## DATA
----------

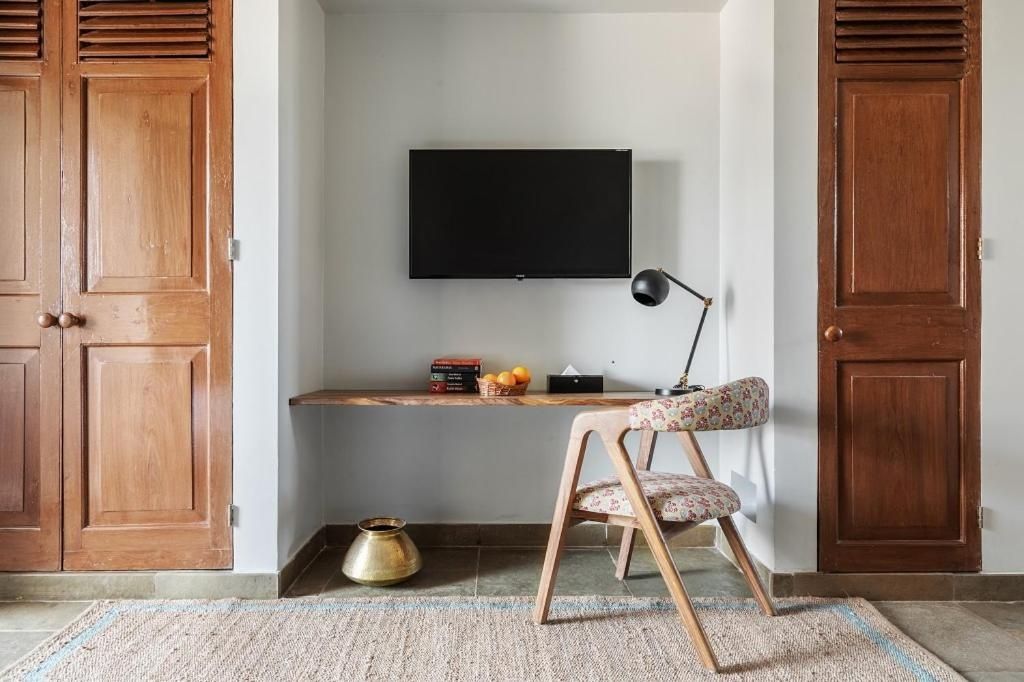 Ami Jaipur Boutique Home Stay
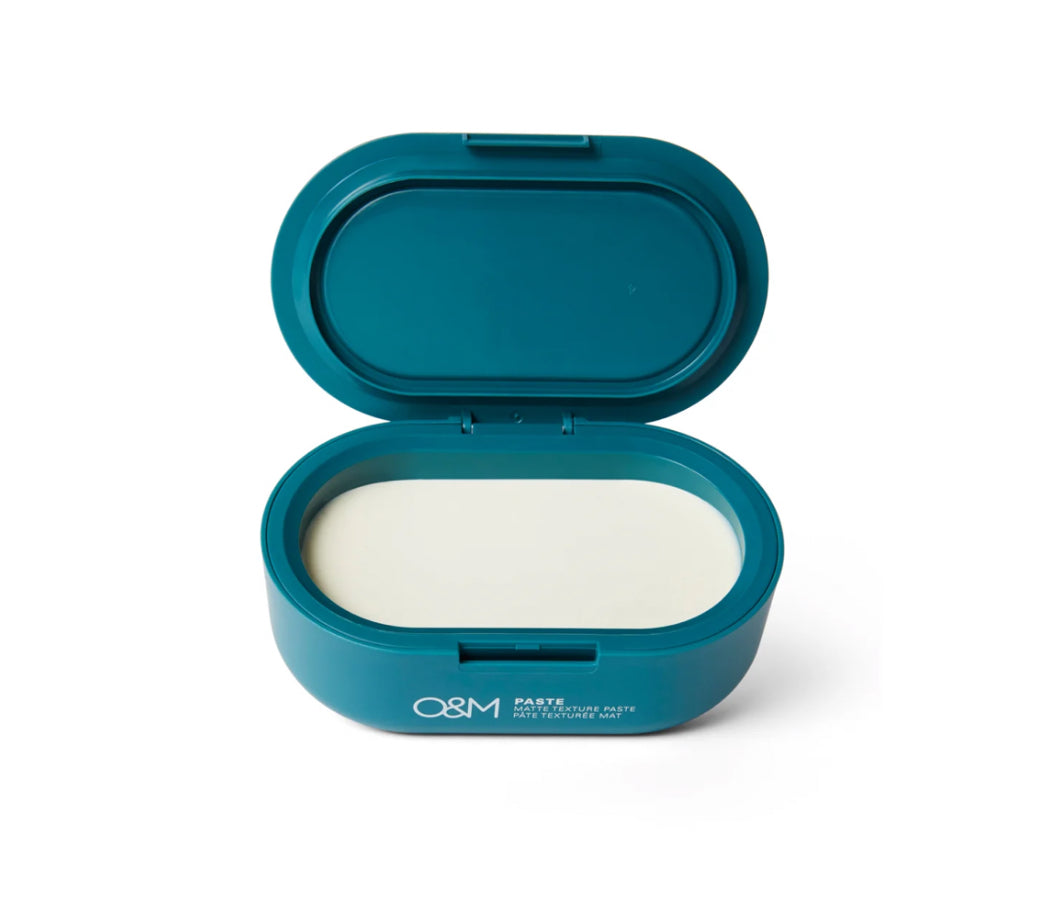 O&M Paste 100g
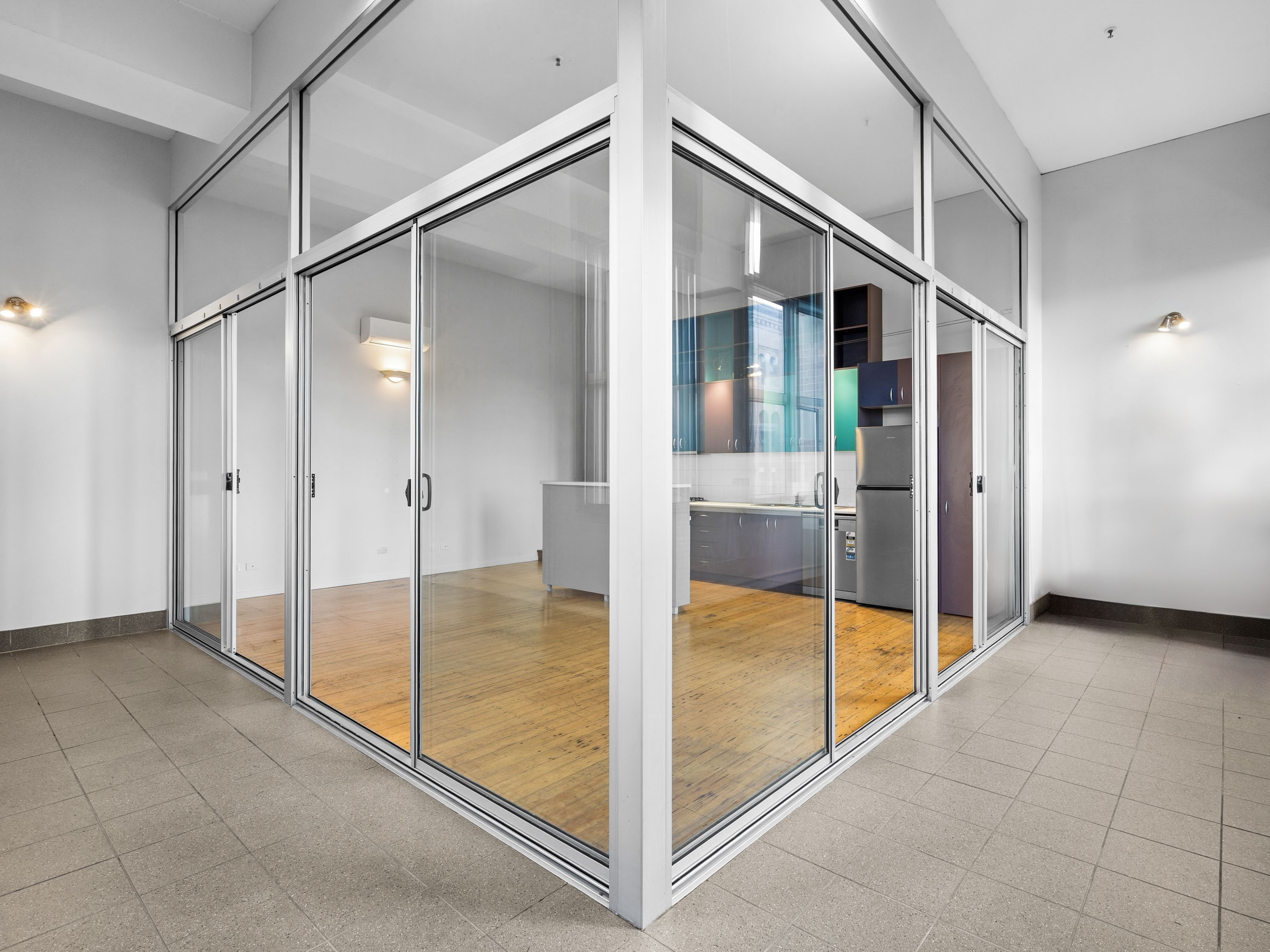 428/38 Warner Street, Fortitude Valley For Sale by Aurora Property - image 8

----------

## PROBLEM
The required output is the listing above reproduced exactly, pictures removed.

## RESPONSE AREA
 Ami Jaipur Boutique Home Stay
 O&M Paste 100g
 428/38 Warner Street, Fortitude Valley For Sale by Aurora Property - image 8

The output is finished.